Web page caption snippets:
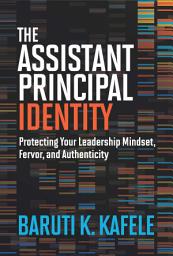 Icon image The Assistant Principal Identity: Protecting Your Leadership Mindset, Fervor, and Authenticity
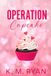 Operation: Cupcake Discreet Version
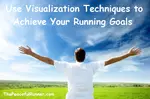 Visualization techniques can help us achieve running goals, feel more confident and recovery from injuries. 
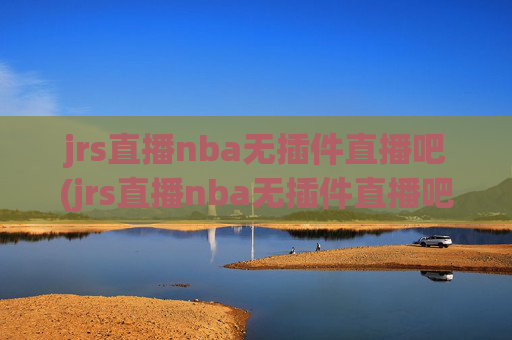 jrs直播nba无插件直播吧(jrs直播nba无插件直播吧 马刺)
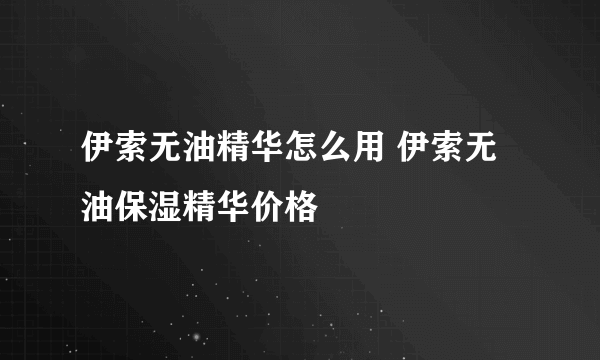 伊索无油精华怎么用 伊索无油保湿精华价格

▸ YOUR INSTRUCTIONS
Set down every entry above without alteration, but print no images.

▸ EXERCISE SOLUTION
 Icon image The Assistant Principal Identity: Protecting Your Leadership Mindset, Fervor, and Authenticity
 Operation: Cupcake Discreet Version
 Visualization techniques can help us achieve running goals, feel more confident and recovery from injuries. 
 jrs直播nba无插件直播吧(jrs直播nba无插件直播吧 马刺)
 伊索无油精华怎么用 伊索无油保湿精华价格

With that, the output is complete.